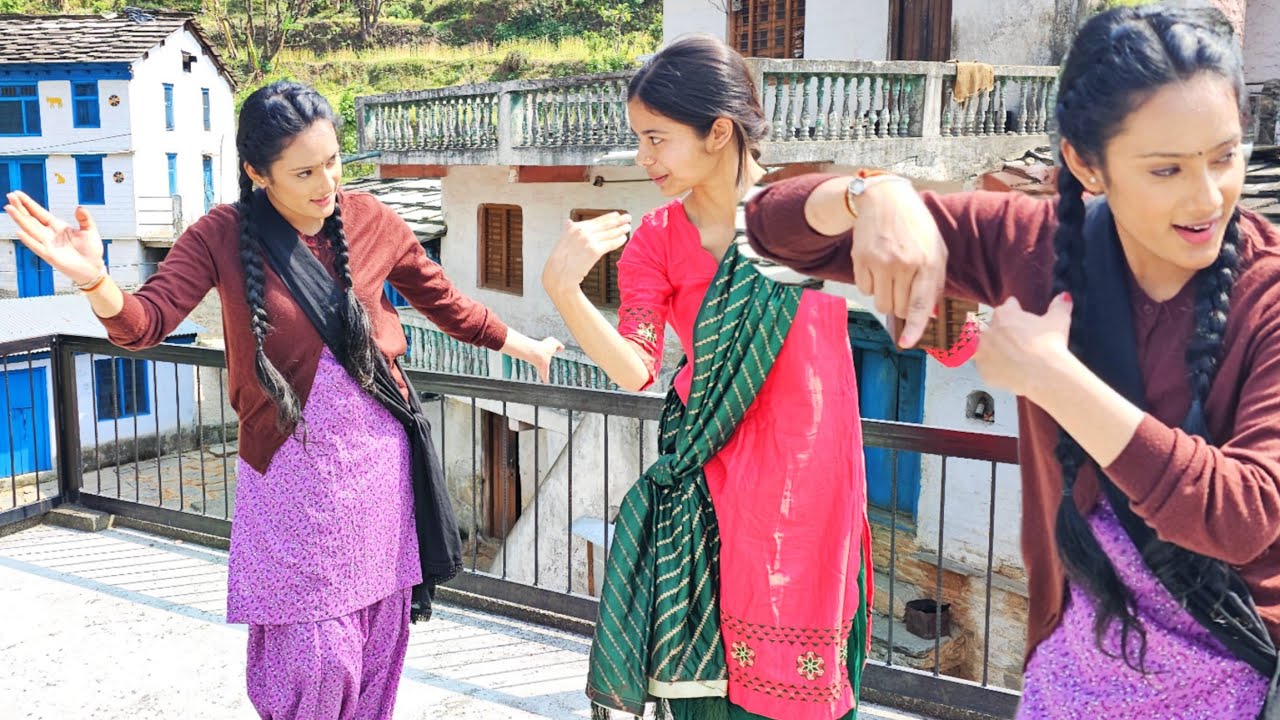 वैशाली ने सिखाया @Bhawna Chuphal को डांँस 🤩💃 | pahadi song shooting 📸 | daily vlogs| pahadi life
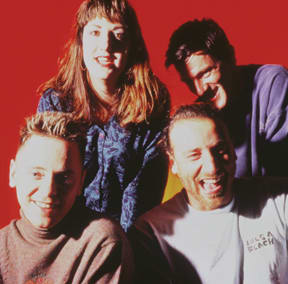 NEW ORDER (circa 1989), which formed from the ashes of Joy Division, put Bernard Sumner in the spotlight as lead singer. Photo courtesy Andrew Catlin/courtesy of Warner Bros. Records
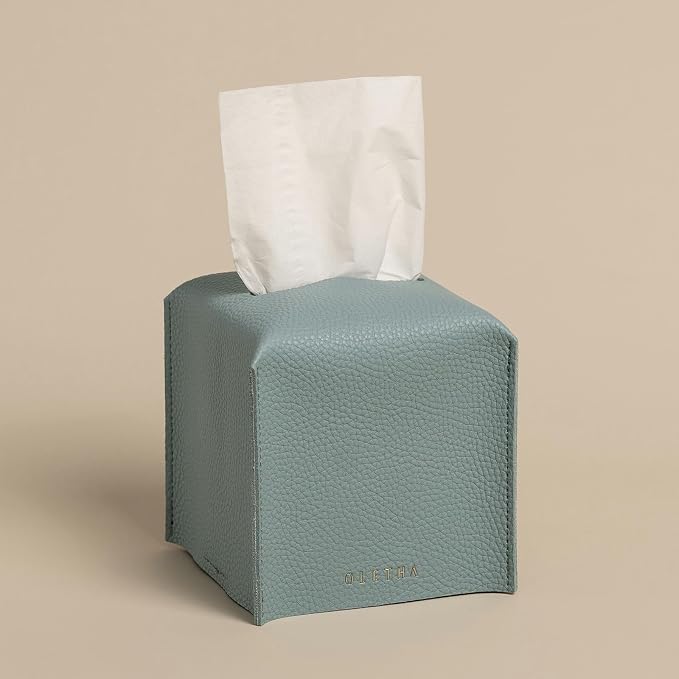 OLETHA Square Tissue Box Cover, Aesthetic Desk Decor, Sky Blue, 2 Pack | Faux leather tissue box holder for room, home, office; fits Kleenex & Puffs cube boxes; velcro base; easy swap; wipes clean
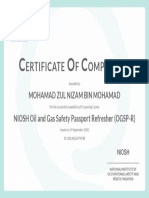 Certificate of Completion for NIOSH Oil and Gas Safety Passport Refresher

◆ **WHAT THIS TASK INVOLVES**
Beginning with the line that contains "NEW ORDER (circa" and ending with the final line of the listing, return each line exactly. Omit all pictures.

◆ **RESULT OF THE EXERCISE**
 NEW ORDER (circa 1989), which formed from the ashes of Joy Division, put Bernard Sumner in the spotlight as lead singer. Photo courtesy Andrew Catlin/courtesy of Warner Bros. Records
 OLETHA Square Tissue Box Cover, Aesthetic Desk Decor, Sky Blue, 2 Pack | Faux leather tissue box holder for room, home, office; fits Kleenex & Puffs cube boxes; velcro base; easy swap; wipes clean
 Certificate of Completion for NIOSH Oil and Gas Safety Passport Refresher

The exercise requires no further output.